I want to pay attention to the last sentence, though.

I’m downplaying my inexperience pretty well here. It makes it seem like I could be doing other things, and brings even more social proof into the equation by saying “everybody tells me I have a knack for writing.”

This doesn’t prove my talent directly, but it does help my case #loophole.

Analysis Of Final Two Paragraphs

My next two paragraphs exude passion. I want to write. I’m here because I LOVE it, not because I need to make some cash. And you know what? I’m relying on the (future) client’s feelings now. I’m no longer trying to prove myself as a capable writer, I’m appealing directly to their heart and soul.

Too bad I derail all that progress with a terrible last line like “I’m willing to negotiate the hourly rate.” You can look at this from one of two ways:

  1. It doesn’t help because it shows I’m desperate.
  2. It helps tremendously because after a well-crafted cover letter (that shows I can write some damn words), I’m a good option because I’m willing to affect their bottom line positively.

I’ll leave it up to you to decide whether to leave it in there.

A Few More Things

I did say I had blogging experience. One year I believe. That’s because I did. Just because I was horrible at it and never got any readers doesn’t mean I can’t put it in my cover letter! They never asked if I was any good. Just sayin' #fakeittomakeit.

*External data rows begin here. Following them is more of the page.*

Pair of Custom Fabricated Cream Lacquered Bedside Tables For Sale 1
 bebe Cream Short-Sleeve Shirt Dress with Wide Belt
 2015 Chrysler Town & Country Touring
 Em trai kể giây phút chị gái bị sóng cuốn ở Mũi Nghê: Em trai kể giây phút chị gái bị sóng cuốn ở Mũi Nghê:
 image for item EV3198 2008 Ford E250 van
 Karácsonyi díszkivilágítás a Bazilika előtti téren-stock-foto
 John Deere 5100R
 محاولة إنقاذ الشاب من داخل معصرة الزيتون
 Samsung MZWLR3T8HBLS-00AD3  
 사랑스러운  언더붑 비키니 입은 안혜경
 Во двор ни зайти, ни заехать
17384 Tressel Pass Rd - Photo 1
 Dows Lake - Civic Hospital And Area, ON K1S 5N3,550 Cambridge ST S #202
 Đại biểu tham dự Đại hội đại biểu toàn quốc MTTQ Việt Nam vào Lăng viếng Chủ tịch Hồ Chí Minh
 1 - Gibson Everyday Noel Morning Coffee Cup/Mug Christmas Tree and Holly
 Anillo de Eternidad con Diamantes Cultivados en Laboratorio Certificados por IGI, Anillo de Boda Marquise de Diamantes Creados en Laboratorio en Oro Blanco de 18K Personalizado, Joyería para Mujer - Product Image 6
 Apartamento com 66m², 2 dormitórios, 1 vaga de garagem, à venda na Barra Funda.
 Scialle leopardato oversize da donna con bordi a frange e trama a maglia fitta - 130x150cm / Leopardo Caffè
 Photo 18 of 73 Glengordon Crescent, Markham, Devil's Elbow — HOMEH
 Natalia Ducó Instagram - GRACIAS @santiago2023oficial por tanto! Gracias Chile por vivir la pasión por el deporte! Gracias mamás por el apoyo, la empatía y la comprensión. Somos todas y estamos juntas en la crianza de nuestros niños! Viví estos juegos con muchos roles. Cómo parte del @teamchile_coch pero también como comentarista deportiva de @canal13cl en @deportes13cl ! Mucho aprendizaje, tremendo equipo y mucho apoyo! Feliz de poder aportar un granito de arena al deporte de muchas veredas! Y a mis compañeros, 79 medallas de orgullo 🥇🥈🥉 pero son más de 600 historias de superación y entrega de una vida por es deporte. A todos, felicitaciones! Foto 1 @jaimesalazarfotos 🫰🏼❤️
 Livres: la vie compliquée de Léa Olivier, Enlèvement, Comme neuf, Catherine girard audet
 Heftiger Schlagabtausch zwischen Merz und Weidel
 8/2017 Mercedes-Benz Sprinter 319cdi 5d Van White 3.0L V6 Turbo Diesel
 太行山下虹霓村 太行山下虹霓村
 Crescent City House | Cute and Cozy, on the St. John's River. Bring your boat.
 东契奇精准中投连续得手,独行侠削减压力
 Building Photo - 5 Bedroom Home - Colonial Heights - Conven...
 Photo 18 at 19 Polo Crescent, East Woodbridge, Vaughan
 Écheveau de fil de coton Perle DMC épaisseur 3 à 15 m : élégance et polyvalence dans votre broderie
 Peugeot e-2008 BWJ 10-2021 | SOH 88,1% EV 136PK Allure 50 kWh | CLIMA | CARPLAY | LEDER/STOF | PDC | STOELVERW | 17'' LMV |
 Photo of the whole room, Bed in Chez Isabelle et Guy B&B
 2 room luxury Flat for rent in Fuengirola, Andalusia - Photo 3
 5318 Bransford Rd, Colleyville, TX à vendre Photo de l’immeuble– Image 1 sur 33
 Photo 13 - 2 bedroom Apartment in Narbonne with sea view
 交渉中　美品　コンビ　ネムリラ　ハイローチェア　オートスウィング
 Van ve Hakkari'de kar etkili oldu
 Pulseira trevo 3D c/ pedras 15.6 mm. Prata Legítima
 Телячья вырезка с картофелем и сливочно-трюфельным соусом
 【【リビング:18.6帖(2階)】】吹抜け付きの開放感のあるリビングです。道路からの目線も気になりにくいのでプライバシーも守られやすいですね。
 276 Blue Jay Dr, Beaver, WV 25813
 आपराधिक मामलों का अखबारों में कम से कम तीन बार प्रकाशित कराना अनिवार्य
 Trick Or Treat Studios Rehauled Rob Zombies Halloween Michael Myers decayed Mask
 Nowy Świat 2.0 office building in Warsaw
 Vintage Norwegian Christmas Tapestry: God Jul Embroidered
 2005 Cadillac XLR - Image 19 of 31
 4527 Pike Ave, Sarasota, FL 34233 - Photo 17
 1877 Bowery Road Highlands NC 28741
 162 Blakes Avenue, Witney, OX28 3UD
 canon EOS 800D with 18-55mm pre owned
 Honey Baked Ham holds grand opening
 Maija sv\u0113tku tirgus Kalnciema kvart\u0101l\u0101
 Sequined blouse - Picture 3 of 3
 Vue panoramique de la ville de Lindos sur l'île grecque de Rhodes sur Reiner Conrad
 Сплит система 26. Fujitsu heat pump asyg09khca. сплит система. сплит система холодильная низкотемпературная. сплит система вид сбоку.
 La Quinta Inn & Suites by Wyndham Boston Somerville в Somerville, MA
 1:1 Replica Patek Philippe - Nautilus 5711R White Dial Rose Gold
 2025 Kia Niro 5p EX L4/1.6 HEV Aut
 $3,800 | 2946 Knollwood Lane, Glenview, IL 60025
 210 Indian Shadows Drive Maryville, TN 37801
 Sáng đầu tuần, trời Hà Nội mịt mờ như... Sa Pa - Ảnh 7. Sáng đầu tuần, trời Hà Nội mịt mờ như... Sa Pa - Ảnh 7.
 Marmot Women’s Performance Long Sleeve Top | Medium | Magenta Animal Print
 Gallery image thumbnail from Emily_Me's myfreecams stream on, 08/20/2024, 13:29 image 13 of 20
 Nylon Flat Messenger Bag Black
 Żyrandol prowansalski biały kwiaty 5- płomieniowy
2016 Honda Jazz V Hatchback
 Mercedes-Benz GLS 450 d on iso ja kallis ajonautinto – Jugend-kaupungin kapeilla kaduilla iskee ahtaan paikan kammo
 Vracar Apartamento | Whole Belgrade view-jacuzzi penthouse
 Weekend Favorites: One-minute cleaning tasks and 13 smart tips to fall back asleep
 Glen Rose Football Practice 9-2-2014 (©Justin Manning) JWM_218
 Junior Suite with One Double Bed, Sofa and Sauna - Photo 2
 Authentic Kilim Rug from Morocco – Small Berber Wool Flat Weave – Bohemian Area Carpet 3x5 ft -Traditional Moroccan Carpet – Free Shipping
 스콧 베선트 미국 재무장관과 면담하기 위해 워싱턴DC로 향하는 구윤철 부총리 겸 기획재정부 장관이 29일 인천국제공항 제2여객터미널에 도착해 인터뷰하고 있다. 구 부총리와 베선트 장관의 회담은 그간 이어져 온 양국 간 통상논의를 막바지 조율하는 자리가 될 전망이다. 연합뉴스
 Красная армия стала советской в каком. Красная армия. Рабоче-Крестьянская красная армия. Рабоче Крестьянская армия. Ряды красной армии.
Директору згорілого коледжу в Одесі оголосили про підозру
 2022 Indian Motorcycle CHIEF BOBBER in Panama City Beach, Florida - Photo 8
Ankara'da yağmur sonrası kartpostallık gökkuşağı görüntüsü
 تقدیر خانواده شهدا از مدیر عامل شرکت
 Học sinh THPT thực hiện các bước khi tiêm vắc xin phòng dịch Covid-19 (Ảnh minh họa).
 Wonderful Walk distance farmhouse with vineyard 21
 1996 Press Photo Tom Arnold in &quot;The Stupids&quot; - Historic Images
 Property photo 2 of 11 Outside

This is not my first ever cover letter, but I’m 99 percent sure it’s essentially a carbon copy. I mentioned writing an ebook for a client in the body itself. Once again, that’s because I did. I also attached said ebook to the end of my letter.

Look guys, you do need SOME writing experience if you want to land Upwork jobs, but many times if you’re already passionate about the job you want, you have samples already!

And even if you don’t have samples, it’s easy to get some. Do some free work for somebody. If you’re a Graphic Designer, make up a company and create a logo/other materials.

This is where you have to hustle.

Yeah, I had some experience, but I knew I really had none that were really worth anything. As far as I was concerned, real experience was work that was paid for.

So, if you’re trying to get your first job on Upwork, I hope you can learn from my not-so-stellar first one and maybe use a few of the same tactics I did.